Comme souvent avec Idir, on a l’impression que son destin a pris le pas sur sa volonté, un peu comme en 73, il y a tout juste 40 ans, quand il avait démarré sa carrière en interprétant Rsed a Yidess (Que le Soleil tombe), une berceuse écrite et composée pour une chanteuse qui ne s’est jamais présenté lors des séances d’enregistrement.
Ce sera son premier succès radiophonique, trois ans avant son A Vava Inouva. Cette autre berceuse écrite, elle, avec la complicité de Mohamed Benhamadouche, est depuis fredonnée bien au-delà des frontières naturelles de la Kabylie. Pour les exégètes des musiques du monde, A Vava Inouva est un des premiers hymnes de la sono-mondiale.
"C’est le métier de chanteur qui est venu à moi. Je n’ai pas choisi" explique celui qui a étudié la géologie et devait devenir un des cadres de l’industrie pétrolière en Algérie. "Quand je n’ai rien à dire autre que moi, je me tais" confie-t-il comme pour justifier le nombre réduit d’albums qu’il laissera à la postérité.

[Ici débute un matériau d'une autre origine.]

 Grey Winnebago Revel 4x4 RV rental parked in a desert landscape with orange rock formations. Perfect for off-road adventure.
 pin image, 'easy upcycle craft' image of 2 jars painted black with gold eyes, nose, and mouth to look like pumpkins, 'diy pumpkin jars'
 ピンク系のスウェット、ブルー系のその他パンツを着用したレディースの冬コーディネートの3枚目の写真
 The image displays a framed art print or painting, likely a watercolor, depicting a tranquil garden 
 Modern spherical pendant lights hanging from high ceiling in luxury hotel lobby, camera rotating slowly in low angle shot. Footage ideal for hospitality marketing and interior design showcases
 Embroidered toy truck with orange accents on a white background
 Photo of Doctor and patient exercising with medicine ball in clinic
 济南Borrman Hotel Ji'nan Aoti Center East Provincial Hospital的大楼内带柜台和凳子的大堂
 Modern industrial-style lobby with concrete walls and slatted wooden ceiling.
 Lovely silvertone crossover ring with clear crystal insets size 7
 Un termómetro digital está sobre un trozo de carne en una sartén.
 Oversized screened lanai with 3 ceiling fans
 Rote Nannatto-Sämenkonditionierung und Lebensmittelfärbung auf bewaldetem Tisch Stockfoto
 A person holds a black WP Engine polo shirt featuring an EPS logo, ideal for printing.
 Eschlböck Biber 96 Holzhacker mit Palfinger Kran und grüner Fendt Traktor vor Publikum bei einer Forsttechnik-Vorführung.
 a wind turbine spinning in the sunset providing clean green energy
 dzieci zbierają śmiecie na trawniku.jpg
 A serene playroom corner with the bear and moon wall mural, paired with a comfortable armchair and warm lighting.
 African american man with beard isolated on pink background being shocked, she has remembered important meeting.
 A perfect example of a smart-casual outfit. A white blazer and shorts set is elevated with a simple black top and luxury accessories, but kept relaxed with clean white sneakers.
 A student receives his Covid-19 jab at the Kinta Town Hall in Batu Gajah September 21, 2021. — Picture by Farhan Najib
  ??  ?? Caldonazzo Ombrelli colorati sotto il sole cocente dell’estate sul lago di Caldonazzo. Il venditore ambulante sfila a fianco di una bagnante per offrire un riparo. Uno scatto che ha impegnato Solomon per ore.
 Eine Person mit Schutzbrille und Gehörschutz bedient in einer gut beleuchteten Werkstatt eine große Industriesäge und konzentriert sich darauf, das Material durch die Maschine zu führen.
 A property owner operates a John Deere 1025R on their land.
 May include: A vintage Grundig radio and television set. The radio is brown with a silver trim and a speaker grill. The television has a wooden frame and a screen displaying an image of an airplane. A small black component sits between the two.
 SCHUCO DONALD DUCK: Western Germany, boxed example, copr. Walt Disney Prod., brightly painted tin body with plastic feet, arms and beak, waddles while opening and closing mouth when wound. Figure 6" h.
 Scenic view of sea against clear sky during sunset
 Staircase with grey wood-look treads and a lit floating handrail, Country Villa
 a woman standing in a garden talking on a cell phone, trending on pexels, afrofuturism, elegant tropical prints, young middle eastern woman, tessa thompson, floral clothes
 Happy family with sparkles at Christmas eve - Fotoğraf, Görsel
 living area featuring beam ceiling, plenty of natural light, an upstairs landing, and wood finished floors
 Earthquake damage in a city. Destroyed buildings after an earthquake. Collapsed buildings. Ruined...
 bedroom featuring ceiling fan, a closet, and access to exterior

Fils, mais aussi père, Idir invite sa fille à le rejoindre sur quelques titres dont un touchant Sans ma fille, que chante cette dernière. "Je l’ai laissée exprimer les angoisses d’un père qui voit sa fille partir pour fonder une autre famille et se demande s’il pourra devenir ami avec l’homme qu’elle a choisi ; des angoisses qu’elle a pu lire sur mon visage, dans mon regard" confie ce père qui au passage reprend en kabyle Plaisir d’Amour, s’inspire sur Targit de la mélodie irlandaise popularisée notamment par Simon & Garfunkel pour leur Scarborough Fair ou laisse la flûte du musicien traditionnel Saïd Axelfi, réinventer L’Hymne à la Joie de Beethoven sur Tajmitt i Ludwig.